La distribuzione spaziale indica invece quanto è estesa la precipitazione sul territorio: un fenomeno può essere isolato, sparso, diffuso o esteso. Per questo motivo è utile leggere separatamente l’intensità della pioggia e la sua estensione geografica.

Classificazione indicativa delle precipitazioni in base all’intensità oraria. Le soglie possono variare leggermente in base al servizio meteorologico o al contesto operativo utilizzato.
Tipo di precipitazione Intensità indicativa Descrizione
Pioviggine debole < 0,1 mm/h Precipitazione molto fine, spesso appena percepibile, con gocce molto piccole e accumuli scarsi o quasi nulli.
Pioviggine moderata 0,1 - 0,5 mm/h Precipitazione fine ma più continua, capace di bagnare progressivamente superfici, strade e vegetazione.
Pioviggine forte 0,5 - 1 mm/h Pioviggine densa e persistente, con possibile riduzione della visibilità e accumuli misurabili al pluviometro.
Pioggia debole < 0,5 mm/h Pioggia leggera, generalmente continua o intermittente, con accumuli molto contenuti e impatto limitato sulla viabilità.
Pioggia moderata 0,5 - 4 mm/h Pioggia più evidente, con accumuli progressivi, superfici bagnate e possibili pozzanghere in caso di fenomeno persistente.
Pioggia forte 4 - 8 mm/h Precipitazione intensa, con accumuli rapidi, riduzione della visibilità e possibili disagi alla circolazione.
Pioggia molto forte > 8 mm/h Pioggia di intensità elevata, spesso associata a rapido ruscellamento superficiale, allagamenti localizzati e visibilità ridotta.
Rovescio debole < 2 mm/h Precipitazione irregolare e di breve durata, con variazioni rapide di intensità.
Rovescio moderato 2 - 10 mm/h Rovescio ben percepibile, con intensità variabile e accumuli localmente significativi se il fenomeno insiste sulla stessa area.
Rovescio forte 10 - 50 mm/h Fenomeno intenso, spesso convettivo, con pioggia battente, visibilità ridotta e possibili allagamenti in aree urbane o poco drenanti.
Rovescio violento > 50 mm/h Precipitazione estremamente intensa, tipica dei temporali più forti, con rischio di accumuli molto rapidi e criticità idrauliche localizzate.
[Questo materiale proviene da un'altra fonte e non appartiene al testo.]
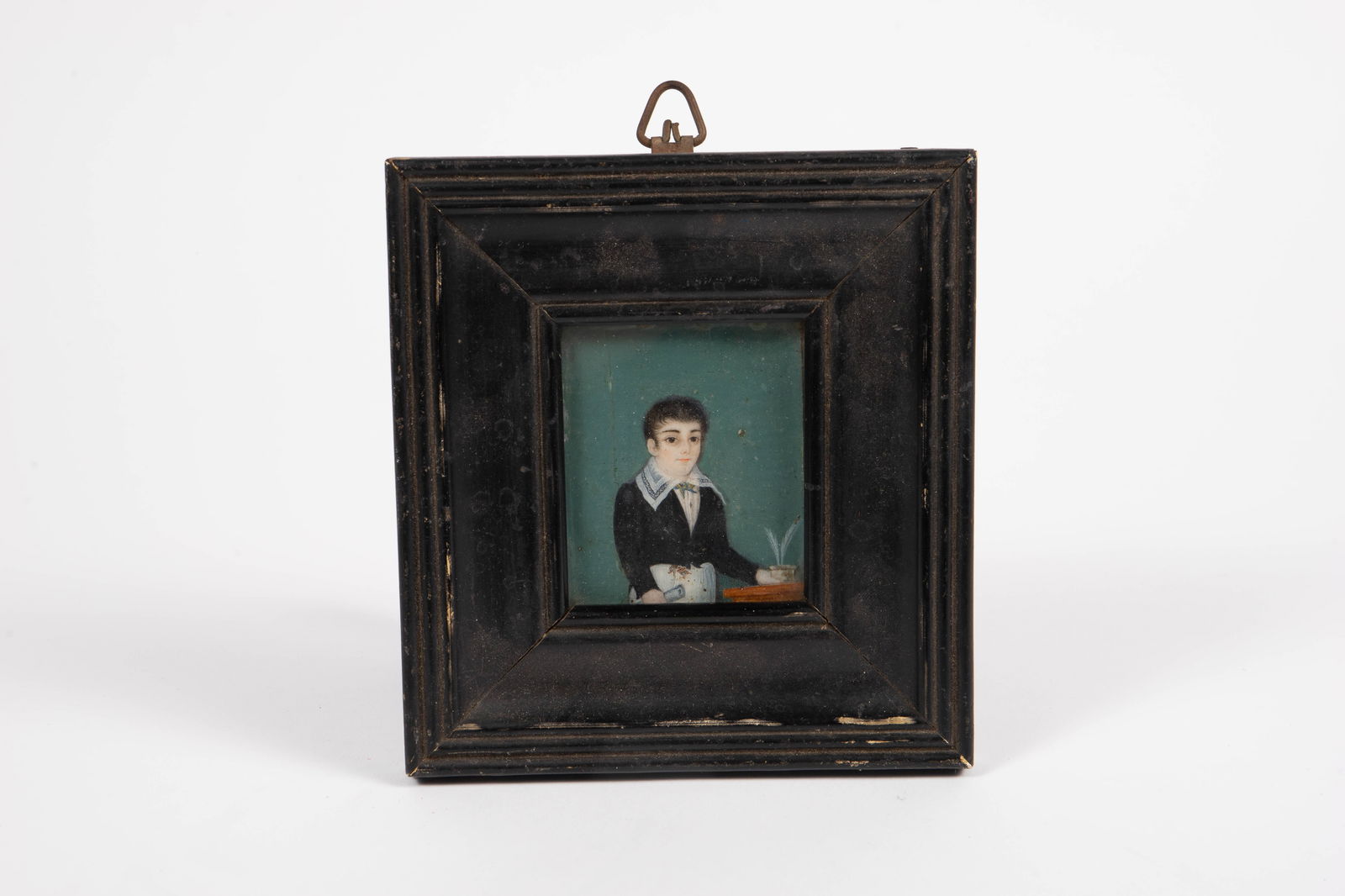 English Naive School Miniature Portrait of Writer.: The miniature portrait depicts a young man next to a desk holding a rolled piece of paper and an inkwell with quill pens in it. The black frame measures 5 1/2" x 5 1/8", and the sight size measures 2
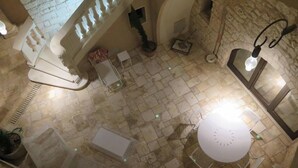 A stone-floored interior with a staircase, a round table, and a stone oven. - Dimora dell'Osanna (Carovigno)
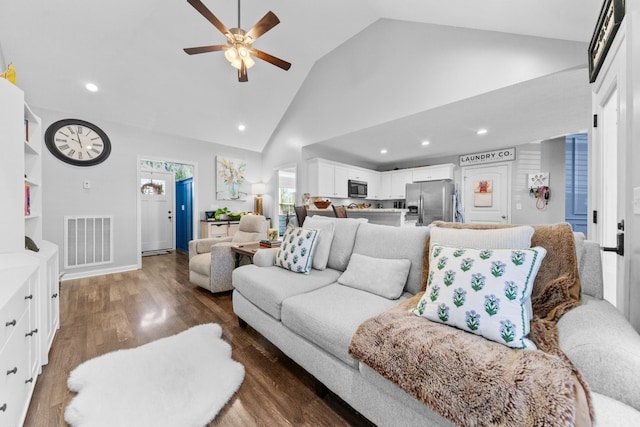 living room with ceiling fan, dark wood-type flooring, and high vaulted ceiling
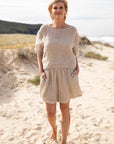 A woman stands barefoot on a sunlit beach, wearing the Olivia Linen Top in Off White, paired with Arana Linen Pants. The lightweight gauze linen fabric catches the ocean breeze, highlighting its soft, flowing texture. With gentle waves rolling in the background, the relaxed silhouette and natural tones create an effortlessly elegant coastal look.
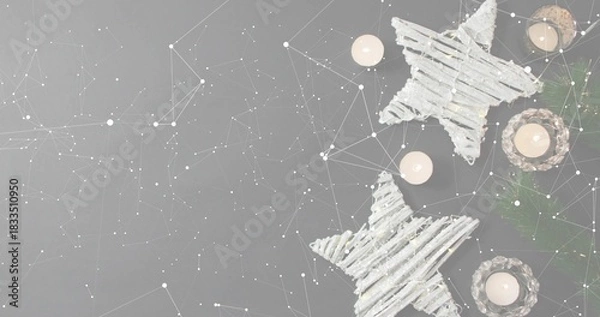 Obraz Glowing twig stars and lit tea lights creating cozy holiday scene on gray tabletop, copy space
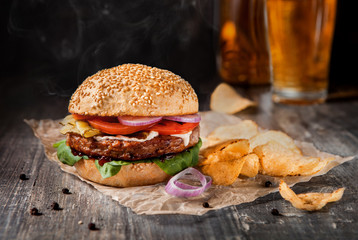 Burger BBK with chips on a dark wooden table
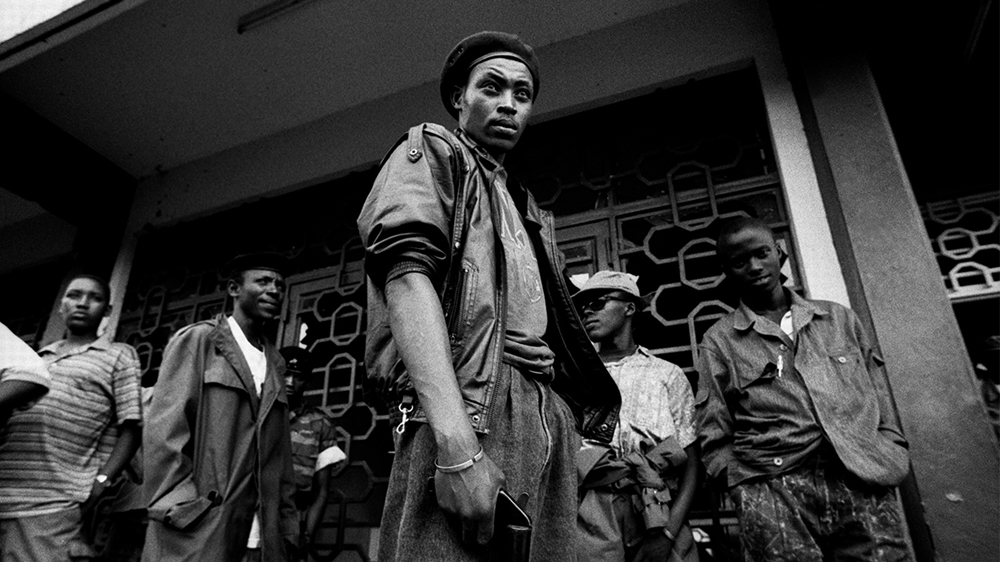 An armed civilian group south of Kigali [Jack Picone/Al Jazeera]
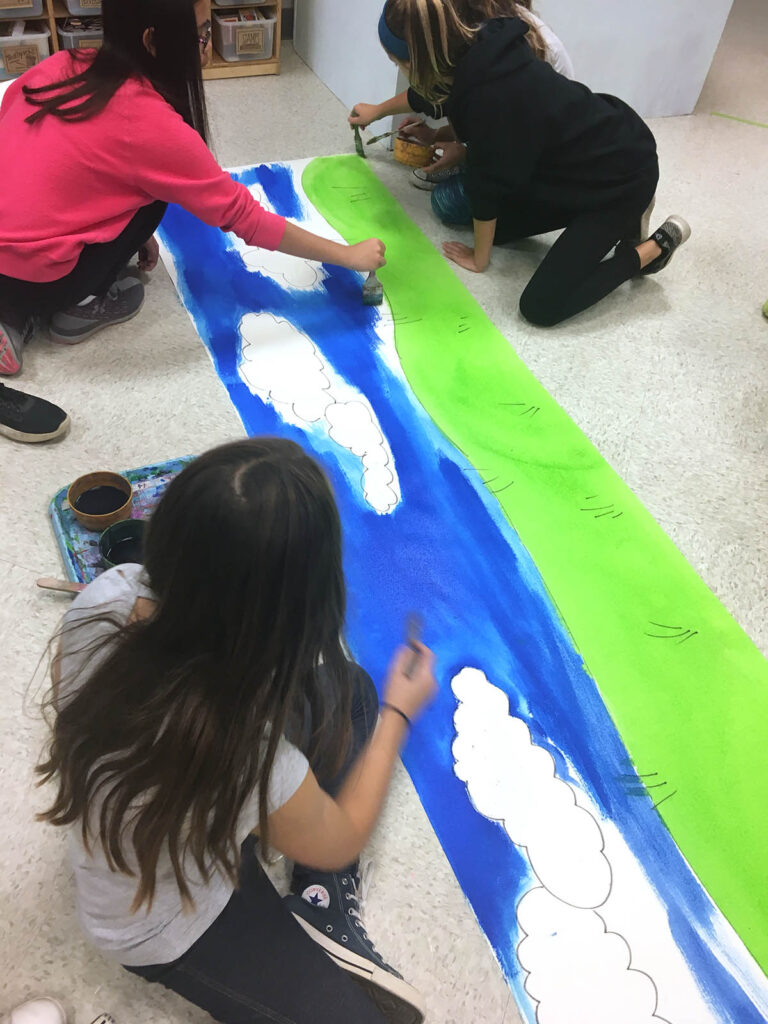 students working on a mural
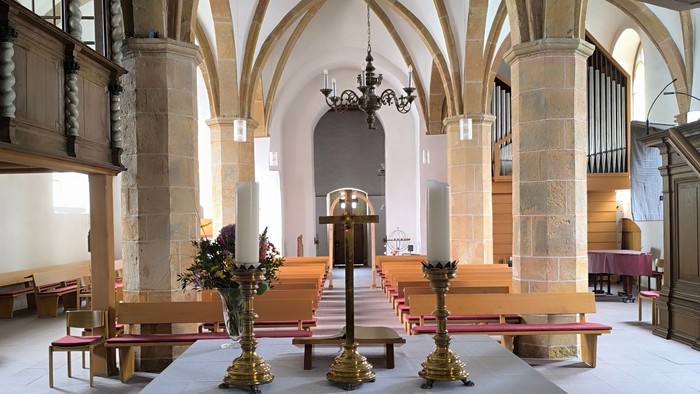 Großer Kircheninnenraum mit hohen Decken, steinernen Säulen und hölzernen Kirchenbänken.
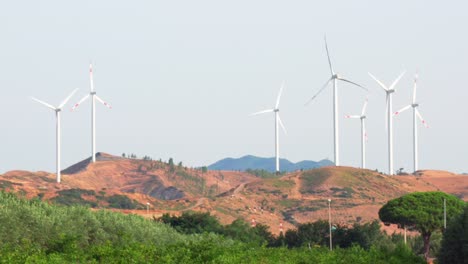 wind turbine construction in field and meadow on hill,clean energy concept, calabria , italy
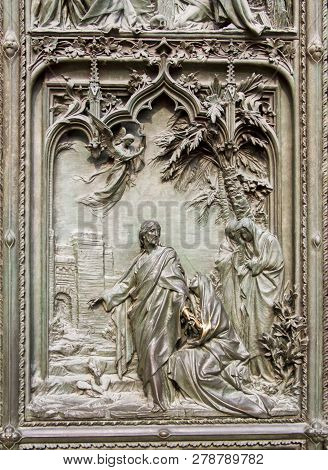 Detail Bronze Bas-reliefs Of The Pieta Scene In Bas Relief At Milan's Cathedral Doors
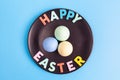 Happy Easter text with colorful eggs arranged on black plate. Royalty Free Stock Photo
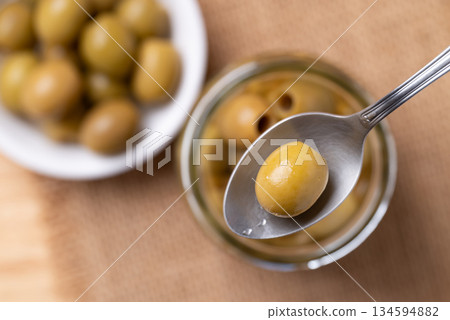 Pickled olives, Pitted green olives in spoon, Top view Pickled olives, Pitted green olives in spoon, Top view 134594882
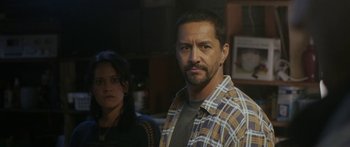 Movie still from “The Dark Horse” (2014), directed by James Napier Robertson – A man and a woman standing next to each other in a room; Close Up shot, Over the shoulder angle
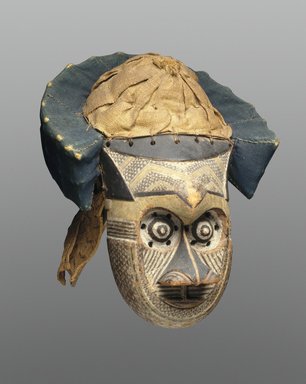 Kuba (Bushoong subgroup). <em>Mask (Pwoom Itok)</em>, late 19th century. Wood, shell, cloth, raffia, pigment, 15 3/8 x 11 1/4 x 11 3/4 in. (39.1 x 28.6 x 29.8 cm). Brooklyn Museum, Museum Expedition 1922, Robert B. Woodward Memorial Fund, 22.230. Creative Commons-BY (Photo: Brooklyn Museum, 22.230_SL1.jpg)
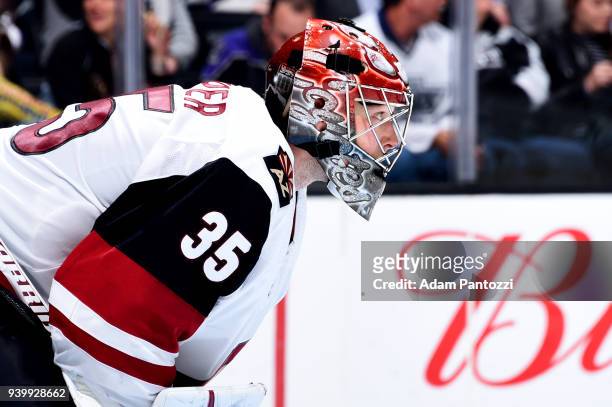 Darcy Kuemper of the Arizona Coyotes waits for a face-off during the game against the Los Angeles Kings on March 29, 2018 at Staples Center in Los...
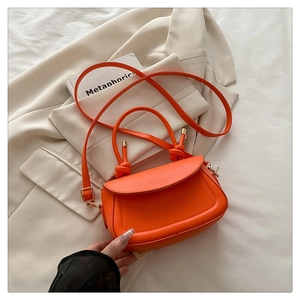 Detail of orange leather crossbody bag with knot handle and curved silhouette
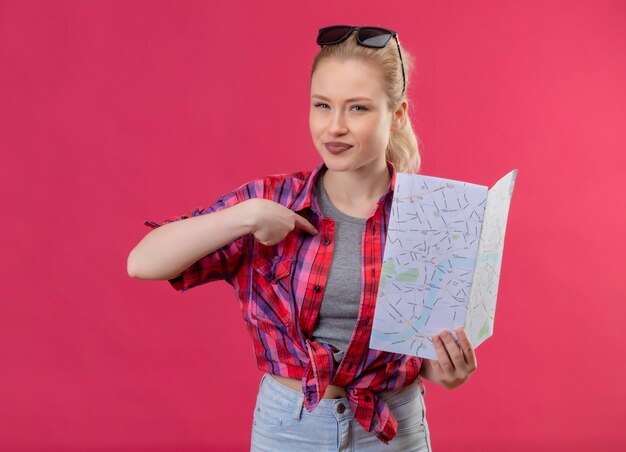 Joven viajera vestida con camisa roja y gafas en la cabeza sosteniendo el mapa apunta a sí misma en la pared rosa aislada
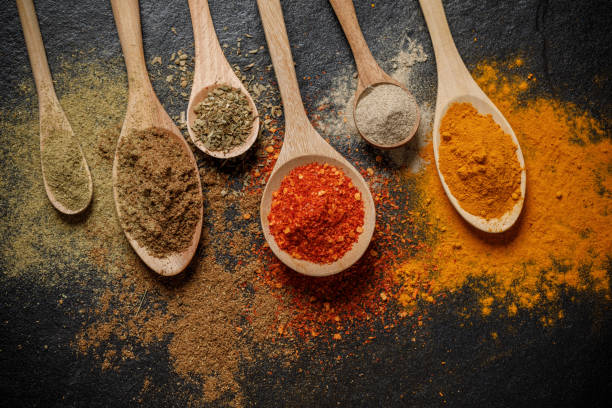 istock Herbs and spices and the spoon over black stone background. Top view 1174336318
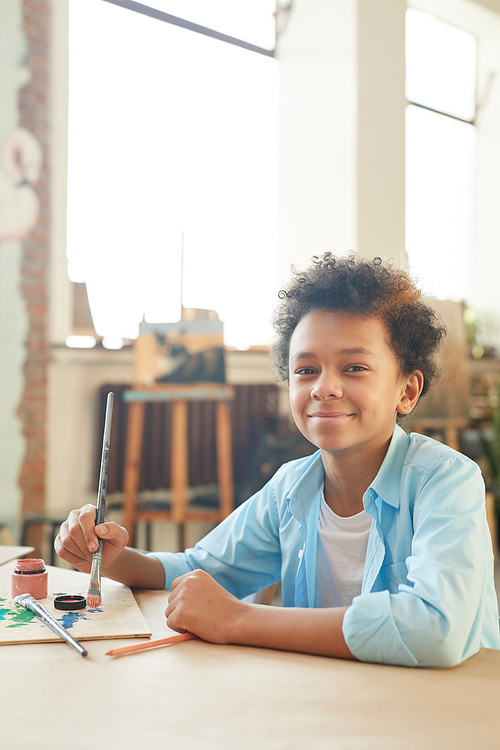 Portrait of African little boy looking at camera and painting a picture during his lesson at art studio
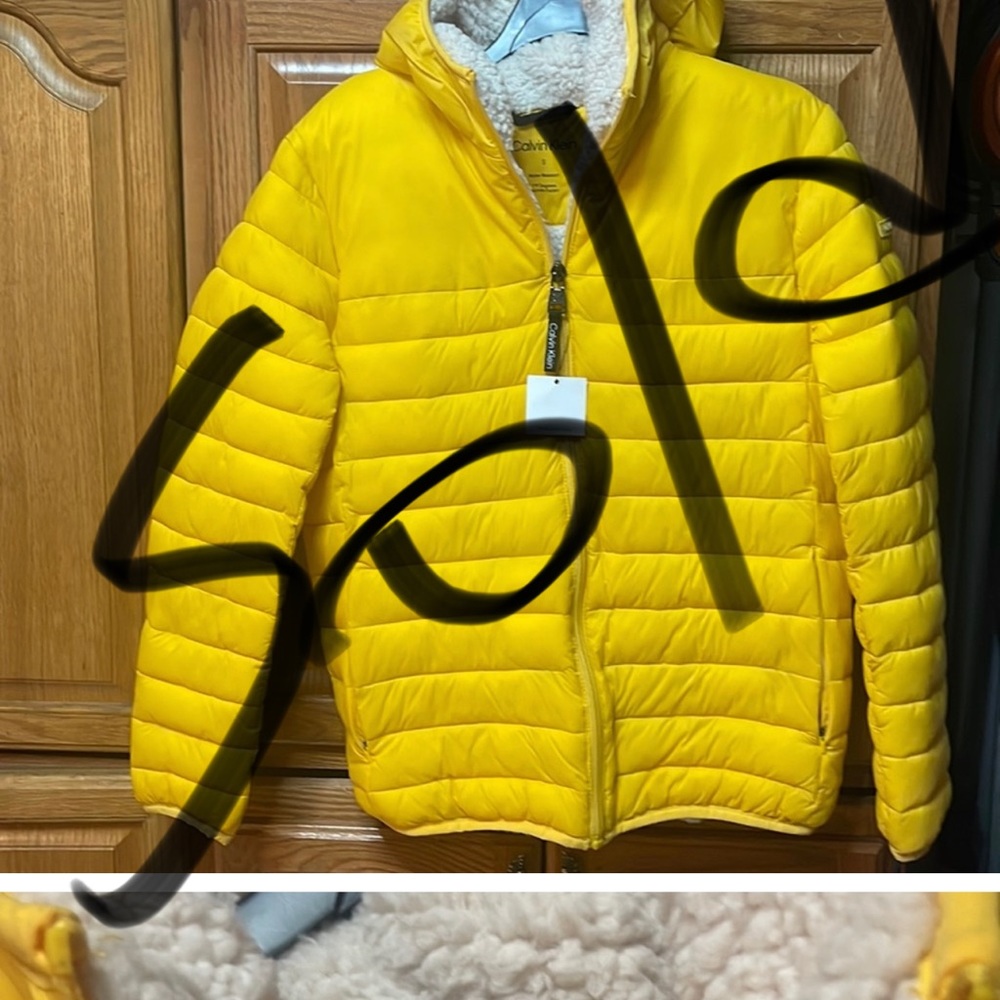 Beautiful woman’s Calvin Klein winter jacket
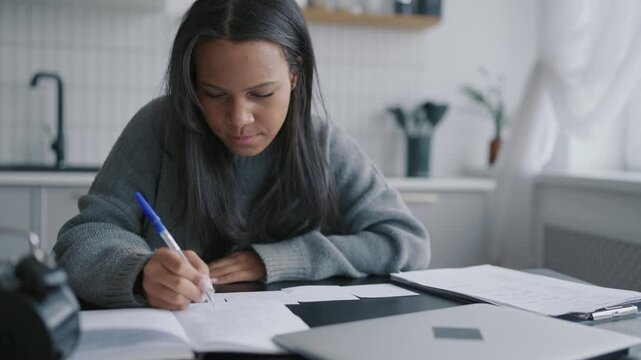 Young black woman learning online, doing homework in home workplace, portrait. African american lady writing in pad, freelance and distant education, female student practicing foreign language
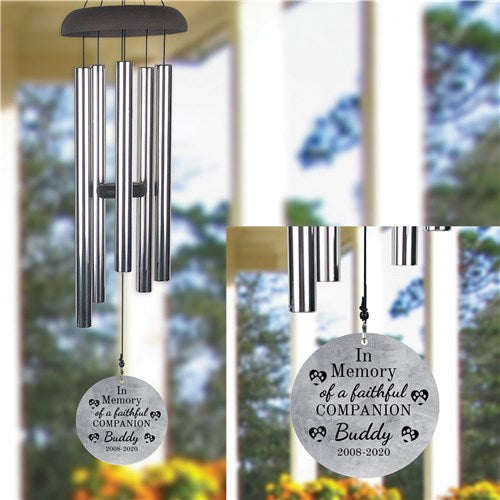 Two wind chimes with engraved messages in a garden setting for pet loss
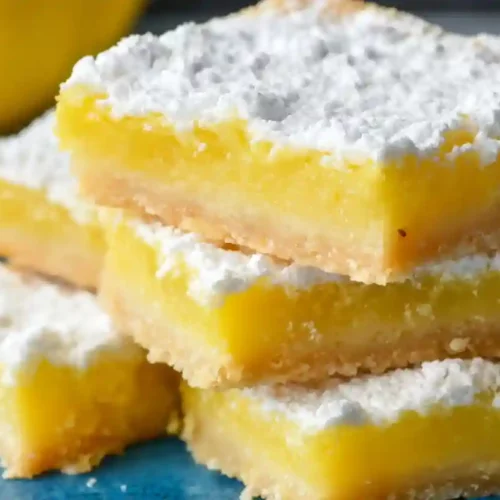 Perfect Dessert Lemon Bars – A Cozy Homemade Treat with Bright Citrus Comfort 3 Close-up of stacked lemon bars with powdered sugar on a blue plate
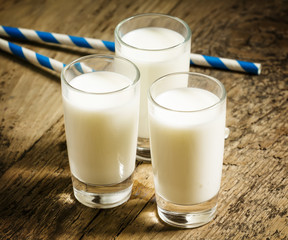 Three glasses of fresh milk on old wooden table in rustic style,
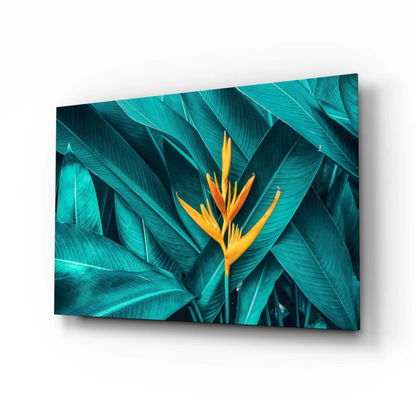 Vibrant yellow bird-of-paradise glass wall art in teal leaves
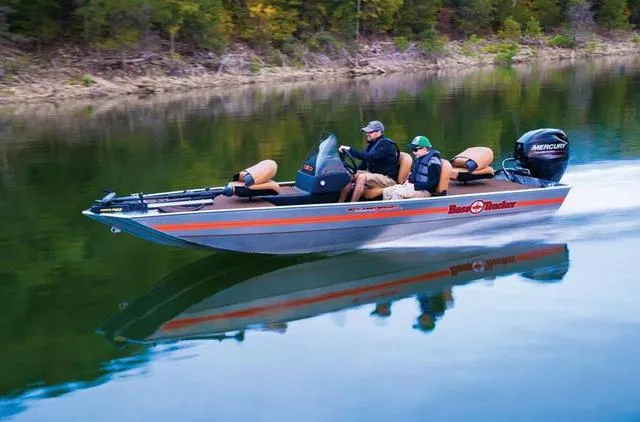 Slide: The Image of 2018 Tracker BASS TRACKER® 40th Anniversary Heritage Edition boat speeding on a calm lake. - 15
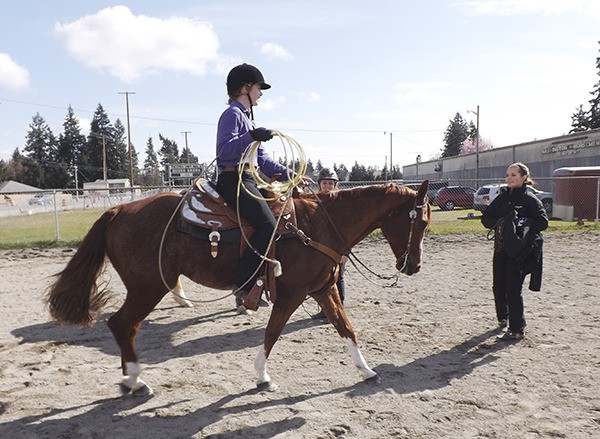 Sequim Equestrian team newcomer Amy Tucker rides to a third-place finish in Working Rancher. Because her own horse is inexperienced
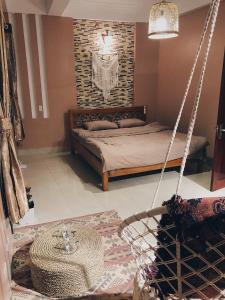 Postel nebo postele na pokoji v ubytování Cactus Homestay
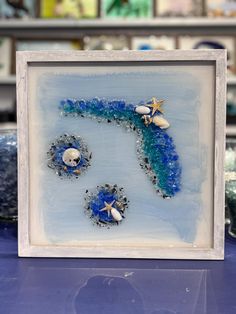 a blue and white frame with three seashells on it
Differenza tra pioggia e rovescio

La pioggia è generalmente più regolare e continua, mentre il rovescio è una precipitazione più improvvisa, irregolare e spesso caratterizzata da rapide variazioni di intensità. I rovesci sono frequenti nelle situazioni instabili e possono essere associati a temporali.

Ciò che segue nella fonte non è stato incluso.